» TASK OBJECTIVE
The entries below should be given again exactly, minus their pictures.
BEGIN MATERIAL SHOWN
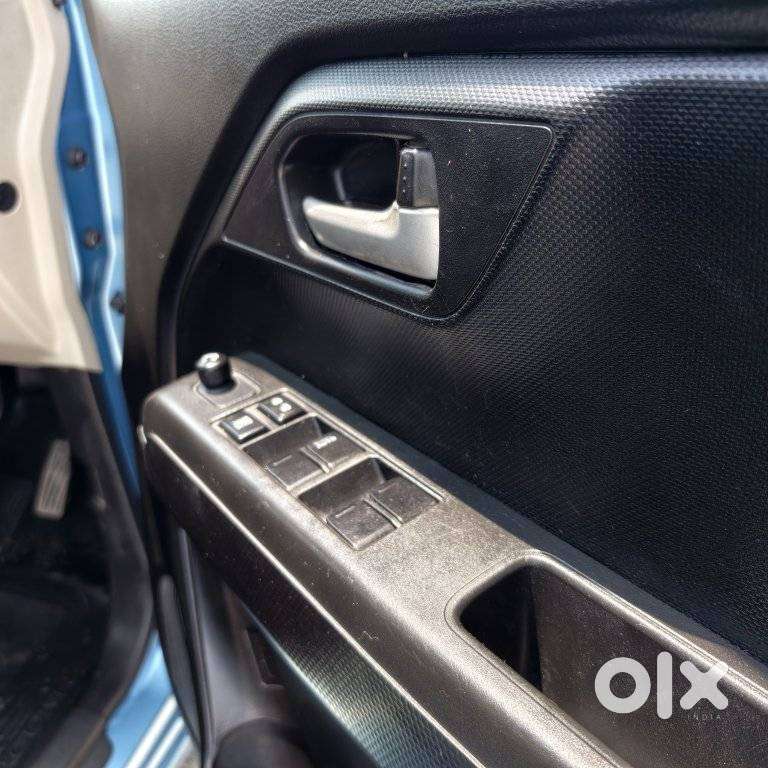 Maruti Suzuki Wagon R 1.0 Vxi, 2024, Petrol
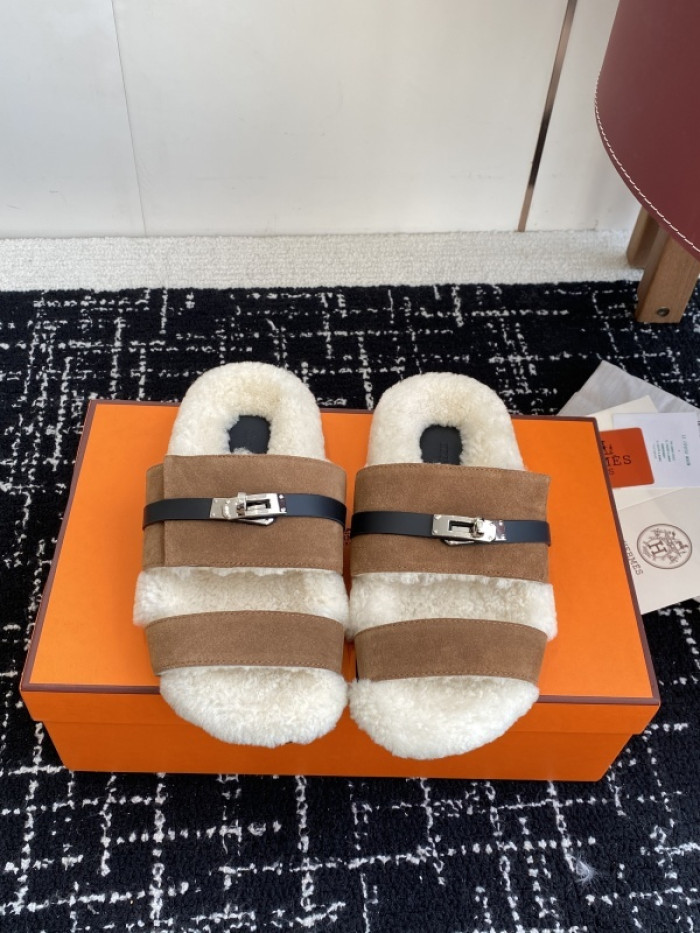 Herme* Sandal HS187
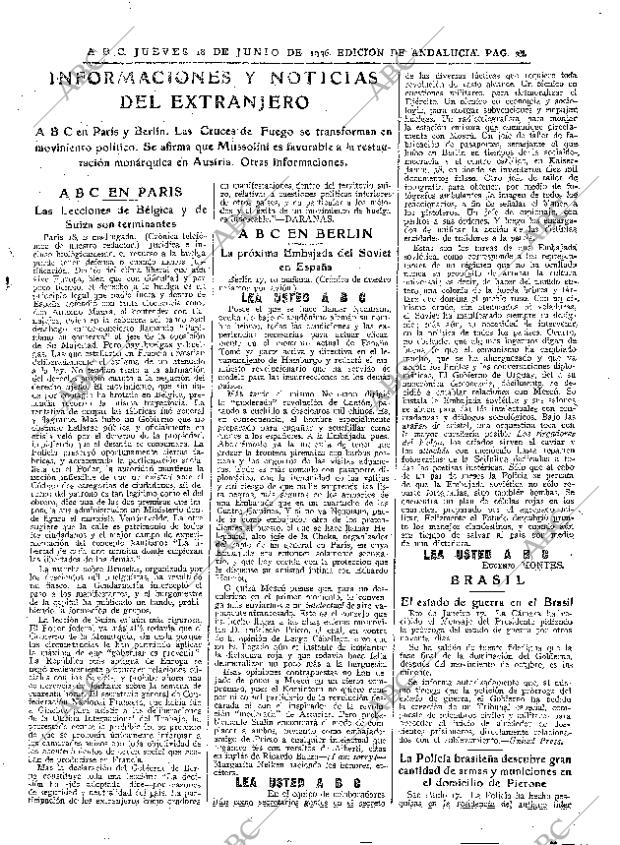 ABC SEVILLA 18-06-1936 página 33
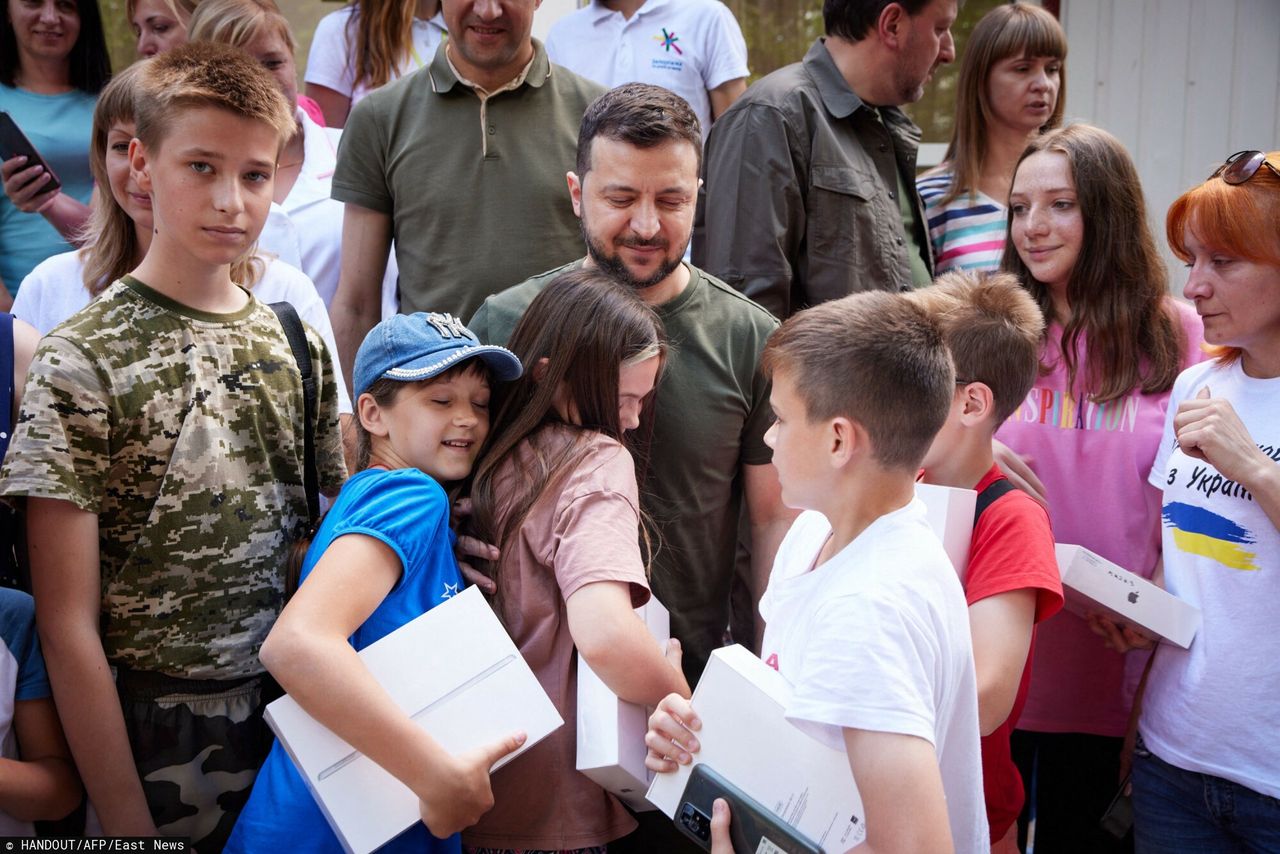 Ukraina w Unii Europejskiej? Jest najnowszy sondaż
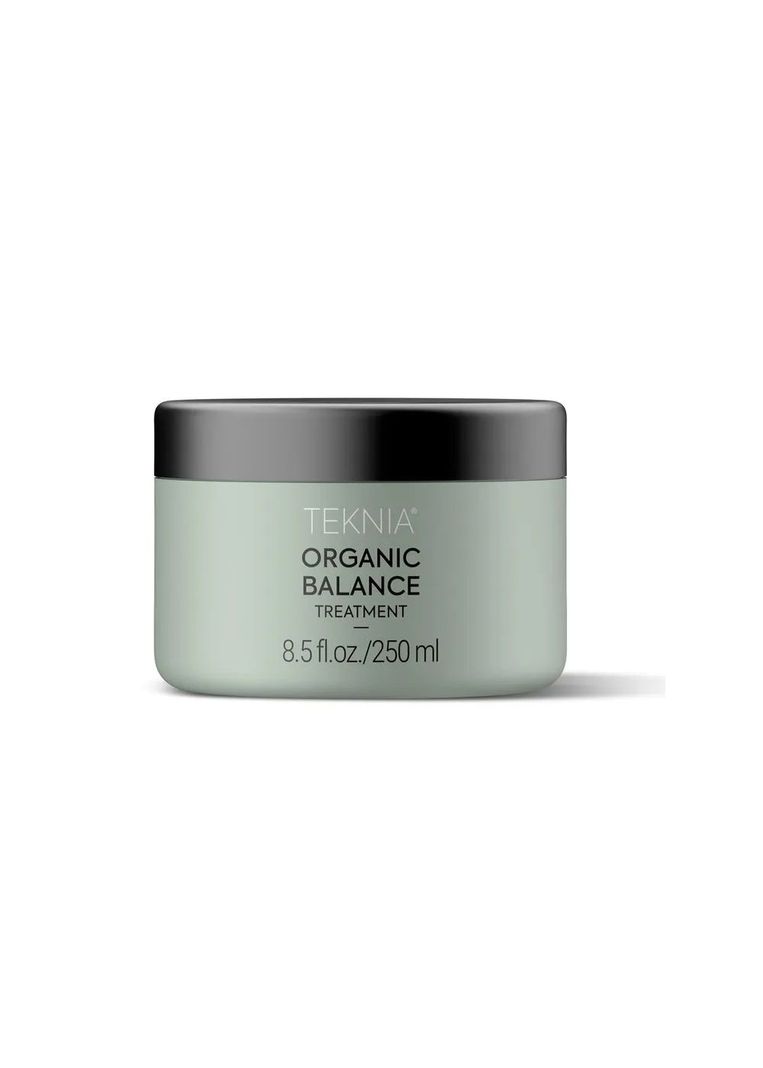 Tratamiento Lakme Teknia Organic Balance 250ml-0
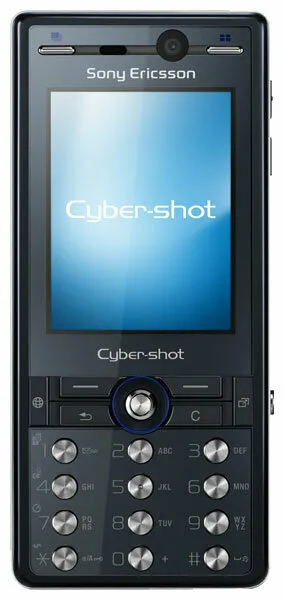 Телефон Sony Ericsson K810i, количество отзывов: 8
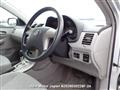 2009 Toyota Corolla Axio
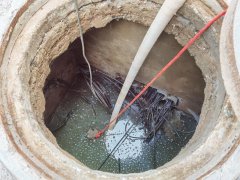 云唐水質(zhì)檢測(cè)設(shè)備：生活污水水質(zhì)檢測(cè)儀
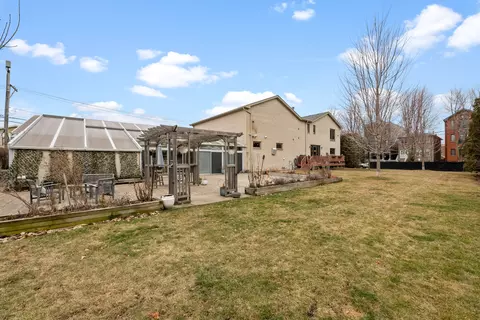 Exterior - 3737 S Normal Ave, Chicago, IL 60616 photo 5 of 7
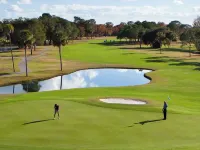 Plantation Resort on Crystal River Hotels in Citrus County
END MATERIAL SHOWN
» SOLUTION TO THE PROBLEM
 Maruti Suzuki Wagon R 1.0 Vxi, 2024, Petrol
 Herme* Sandal HS187
 ABC SEVILLA 18-06-1936 página 33
 Ukraina w Unii Europejskiej? Jest najnowszy sondaż
 Tratamiento Lakme Teknia Organic Balance 250ml-0
 Телефон Sony Ericsson K810i, количество отзывов: 8
 2009 Toyota Corolla Axio
 云唐水質(zhì)檢測(cè)設(shè)備：生活污水水質(zhì)檢測(cè)儀
 Exterior - 3737 S Normal Ave, Chicago, IL 60616 photo 5 of 7
 Plantation Resort on Crystal River Hotels in Citrus County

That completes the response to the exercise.